Un peu partout dans le monde on observe sans sourciller cette transformation de l'économie d'investissement en économie de spéculation, ce passage du solide à l'illusoire. Mais nulle part ailleurs plus qu'aux États Unis, pays devenu le paradis absolu du laisser-faire et surtout du laisser gagner les petits et les gros malins qui peuvent engranger des dollars. Il y a huit ans, c'est la croissance, le chômage est au plus bas. Les gens n'ont pas de grands revenus, mais ils en perçoivent. Achetez des maisons, c'est le temps! Et la petite classe moyenne se précipite vers les prêteurs hypothécaires, les banques, les compagnies d'assurances qui donnent dans tout. Les analystes de la Réserve fédérale savent bien que les taux outrageusement bas que les prêteurs proposent ne tiendront pas la route, que les versements en remboursement vont exploser à un certain moment. Mais, personne ne dit mot.
Les prêteurs offrent leurs créances à des banques avec des promesses de rendement exceptionnel. On spécule sur des hypothèques de gens insolvables, on se les échange, on crée des obligations appuyées par ces créances. Nous sommes dans le domaine de la folie absolue. Pour faire un peu de profit à court terme, pour satisfaire les actionnaires, on vend des produits dont on sait qu'ils vont exploser dans quelques années. La pensée du prédateur, c'est qu'à ce moment il trouvera bien autre chose à vendre pour voler les pauvres cons de la planète. Pendant ce temps, le gouvernement américain ne fait rien et des banques cupides achètent des créances en espérant faire le bonheur de leurs actionnaires avides. Et puis tout à coup, paf! Le papier n'est que fumée. Il n'existe rien derrière ces entreprises milliardaires, juste une spéculation erronée.
Dans les derniers jours, le gouvernement américain a injecté 300 milliards dans le système financier américain. Les banques centrales de l'Union européenne, de la Grande-Bretagne, du Japon et du Canada ont fourni aux capitalistes mondiaux environ la même somme.
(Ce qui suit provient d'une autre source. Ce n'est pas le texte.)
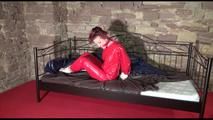 Mara tied and gagged on a princess bed in an old cellar wearing a sexy red sauna suit (Video)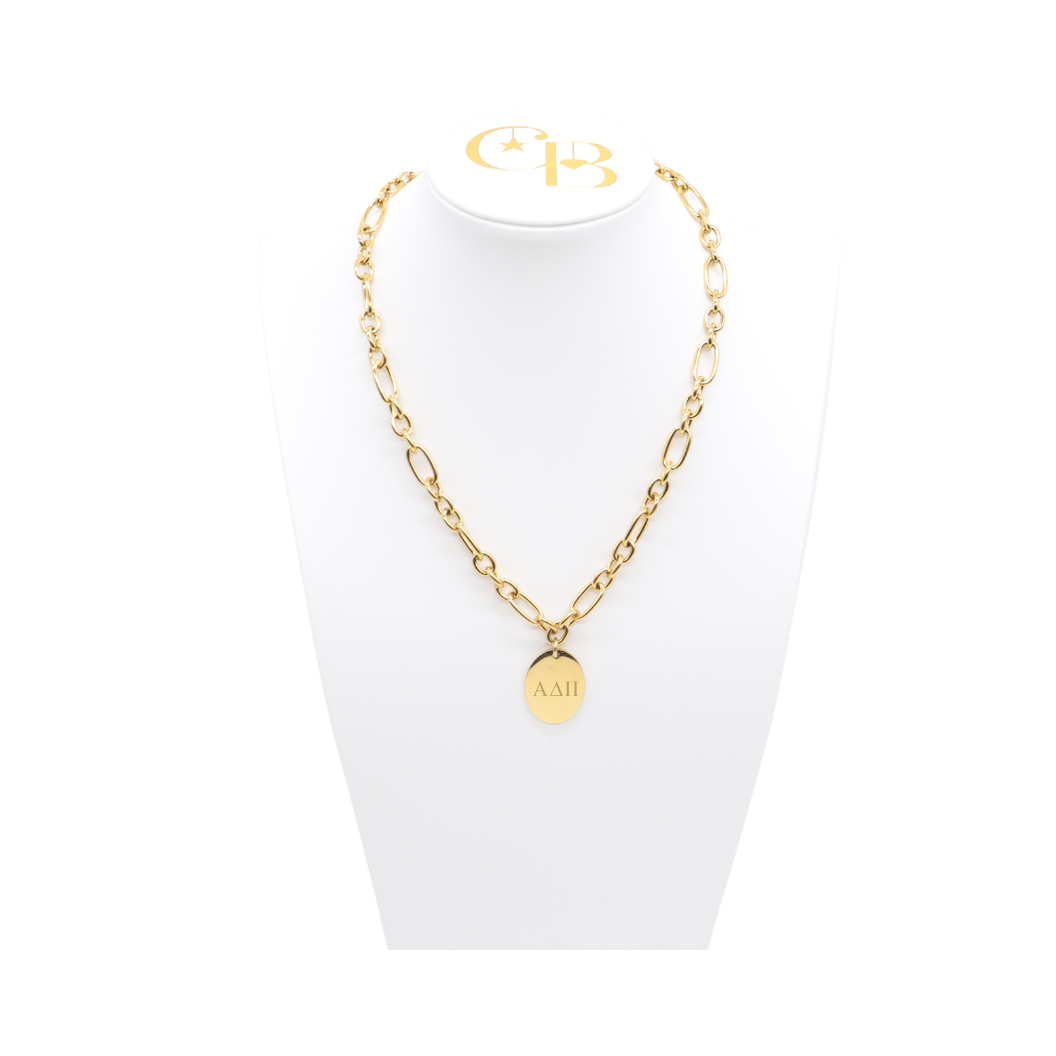 Alpha Delta Pi gold large link Keepsake necklace with large oval charm with horizontal greek letters on white pillow front view.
Ces immenses sommes d'argent ne sont pas consacrées à un meilleur développement de l'économie, à la création d'emplois ou d'entreprises. Non, elles veulent assurer la stabilité de l'équilibre financier mondial.
Je ne suis pas économiste, mais je sais que sauver Fanny Mae, Freddie Mac et AIG ne crée pas un seul emploi. Cela perpétue l'ordre dominant, celui de la spéculation et de la prédation financière.
Le paradoxe, dans toute cette triste débâcle, c'est qu'elle est due à la cupidité d'entreprises privées que le gouvernement américain a nationalisées pour maintenir l'Amérique en vie. Quel incroyable paysage dont personne ne parle aux États Unis: la nécessité absolue d'un gouvernement pour sauver le pays. Ce pays qui dénonce toutes les nationalisations dans le monde comme étant des aberrations socialistes ou communistes vient, parce qu'il n'a pas fait son travail de gouvernement, de nationaliser littéralement trois des plus grandes entreprises du pays.